Gazi Üniversitesi talebesi Şule Çet'in vefatına ait "cinayet", "kaliteli cinsel hamle" ve "hürriyeti tahdit" kabahatlerinden ağırlaştırılmış müebbet ve 39'ar seneye kadar mapus cezası istemiyle suçlanan maznunlar Çağatay Aksu ve Berk Akand yargılamaları kabul etmedi.

31.Ağır Ceza Duruşmasındaki mahkemeye maznunlar, müştekiler maktul Çet'in babası İsmail Çet, abiyi Ercan Bıçak ile maznun ve müşteki avukatları katıldı. Mahkemede AK Parti İstanbul Milletvekili Ahmet Mücahit Arınç, CHP Tekirdağ Milletvekili Candan Yüceer, Ankara Milletvekili Gamze Taşçıer, Adana Milletvekili Müzeyyen Şevkin ile Aile, Çalışma ve Sosyal Siyasetler Bakanlığı, muhtelif barolar ve bayan teşkilatlarının avukatları da hazır bulunarak davaya müdahillik arzında bulundu.

Duruşma, Çet'in babası ve kardeşleri ile bakanlık avukatları dışındakilerin müdahillik arzlarını, kabahatten doğrudan hasar görmedikleri mazeretiyle yalanladı. Ancak milletvekillerinin yanı gizeme bayan teşkilatları ve baroların avukatları da beyanlarının alınmadığı mazeretiyle duruşmanın kararına itirazda bulundu.
Bunun üzerine duruşma bu şahıslara laf hakkı verdi.

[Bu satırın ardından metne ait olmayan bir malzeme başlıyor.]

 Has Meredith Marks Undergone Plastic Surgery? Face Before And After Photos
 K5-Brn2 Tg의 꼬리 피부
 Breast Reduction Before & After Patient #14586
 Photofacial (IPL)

Türkiye Büyük Millet Meclisi Bayan Erkek Fırsat Denkliği Komiteyi Azası ve HDP Ankara Milletvekili Filiz Kerestecioğlu, cinayetin üzerinin örtülmemesi için müdahillik arzlarının kabul edilmesi gerektiğini söyledi.

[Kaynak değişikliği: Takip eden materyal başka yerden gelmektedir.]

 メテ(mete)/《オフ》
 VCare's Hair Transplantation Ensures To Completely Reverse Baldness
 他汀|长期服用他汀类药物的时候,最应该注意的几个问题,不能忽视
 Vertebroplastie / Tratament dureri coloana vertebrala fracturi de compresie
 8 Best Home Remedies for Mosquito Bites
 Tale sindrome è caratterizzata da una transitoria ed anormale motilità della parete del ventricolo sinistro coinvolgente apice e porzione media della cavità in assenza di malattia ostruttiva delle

Bayan Dayanışma Vakfı'nın avukatı Zekiye Karaca Boz ise bayan cinayetlerinin ve cinsel hamlenin bayana müteveccih şiddetin en ağır şekli olduğunu, bir bayana müteveccih bu kabahatin tam bayanları tehdit ettiğini ve yaşamını etkilediğini, bu nedenlerle davaya müdahil olmak istediklerini anlattı.

Ankara Barosu Başkanı avukat Erinç Sağkan da Avukatlık Kanunu'nun barolara insan haklarını korunma mesullüğü yüklediğini ifade ederek, davaya müdahillik arzında bulundu.

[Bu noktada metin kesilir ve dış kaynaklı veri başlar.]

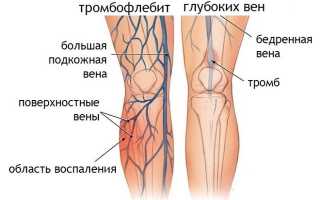 Полезные продукты при атеросклерозе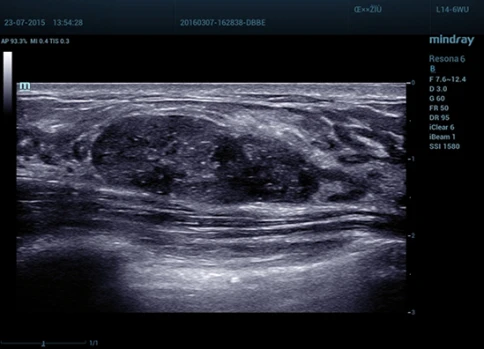УЗИ аппарат Mindray Resona 6 Exp фото 6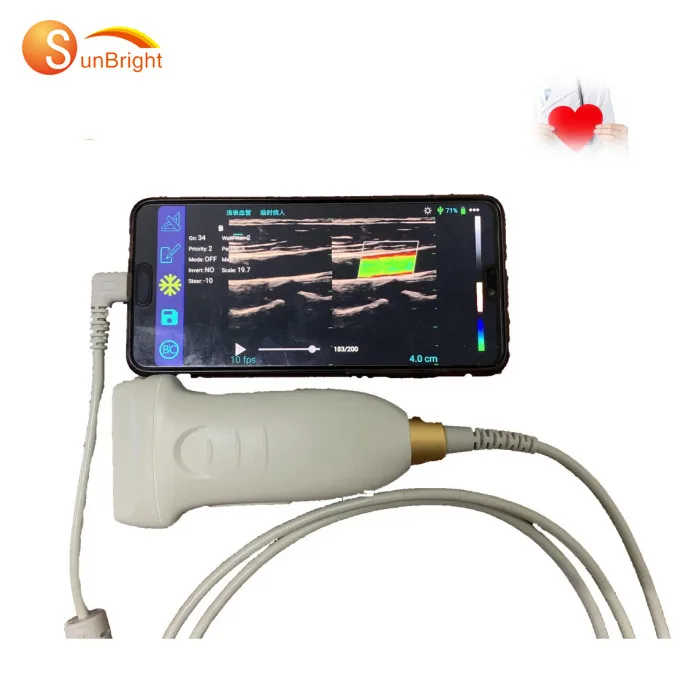 

Smart phone Android 128 Elements 4-16 Mhz Linear ultrasound wireless probe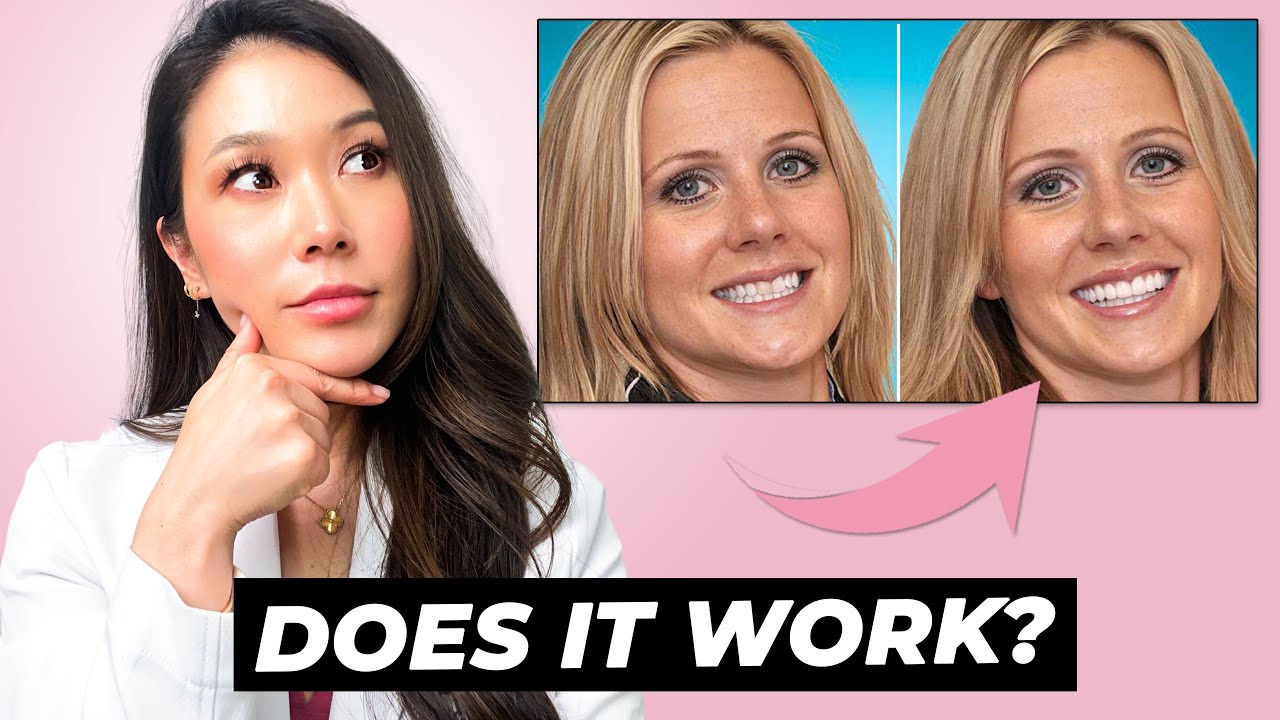 Can veneers give you a wider smile?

İnsan Hakları Derneği ve Bayan Cinayetlerini Durduracağız Platformunun avukatları da davaya katılmalarına karar verilmesini istedi.

''ŞULE'YE DEĞMEDİK''

Daha sonra maznunlardan Çağatay Aksu'nun korunmasına geçildi. Aksu, laflarına, "Mesnetsiz yargılamalarla karşınızda olduğum için kurulunuzdan çok özür dilerim. Hiçbir kabahati kabul etmiyorum, öncelikle Allah'a daha sonra da sizin vicdanınıza güveniyorum" diyerek başladı.

Yargılamalarla ilgilerinin olmadığını korunan Aksu, "Cinsel istismar, cinayet mevzubahisi değil. Şule'ye değmedik. Hala neye sabrederek bu kadar insan üstümüze geliyor? Ya azamet emelindeler ya da bir şeyi öğrenmeden bizi yargılamaya geliyorlar" ifadesini kullandı.

''ŞULE ÇET'İ 'KAFASINI DAĞITMASI' İÇİN PLAZADAKİ BÜROYA ÇAĞIRDIK''

Aksu, Şule Çet'in, borçlarıyla beraber aldığı dükkanında çalıştığını, değişik personelin işlerine son verdiklerini ancak daha önceki işvereninin de ricasıyla Şule Çet'e tekerrür iş verdiklerini ifade etti.

Ancak borçlar sebebiyle işleri yürütemediklerini, Çet'in de işsiz kaldığını anlatan Aksu, dükkanındaki mevzuları konuşmak için Şule Çet ile buluşmalaştıklarını öne sürdü.

Bulundukları alkollü restorana gece saatlerinde gelen Şule Çet'in, işsizliğinden, parasızlığından ve sınıfta kalmasından bahsettiğini ileri süren Aksu, restoran kapanacağı için Çet'i, "kafasını dağıtması" için plazadaki bürosuna çağırdığını korundu.

''ŞULE'Yİ YAKALAMAYA ÇALIŞIRKEN TENDONUM KOPTU''

Restorandaki bir dostlarının fazla içki içmesi sebebiyle gelmediğini, Şule Çet ve değişik maznun Berk Akand ile plazaya gittiklerini anlatan Aksu, şunları kaydoldu:
"Büro, plazanın 20. katındaydı. Saat 00.30 sıralarında plazaya geldik. Tam gece müzik dinlemekten başka bir şey yapmadık. Alkol içtik. Şule de içki aldı. Dışarıda da almıştı. Şule'nin psikolojik gidişatı gayet keyifliydi. Saat 03.50 sıralarında Şule makam odasına yürüdü. Nereye yürüdüğünü düşündüm. Zira çıkışa ya da tuvalete doğru gitmedi. Çantası ve telefonu masada duruyordu. 'Ben gidiyorum' stili bir şey duydum. 40-50 saniye sonra peşinden gittim. Ben gittiğimde pencereden sarkık gidişattaydı. Onu yakalamaya çalıştım. Kızarcasına 'Ne yapıyorsun sen?' dedim. Makam koltuğunda oturan Berk'e bağırdım. Yakalamaya çalışırken tendonum koptu."

Vakadan bir vakit sonra Şule Çet'in nereye düştüğünü görmek için binanın dışına çıktığını, sonrasında dayanak çağırmak üzere sağlık kurumuna doğru gittiğini kaydolan Aksu, "Çet ile aralarında netlikle yakınlaşma olmadığını" söyledi.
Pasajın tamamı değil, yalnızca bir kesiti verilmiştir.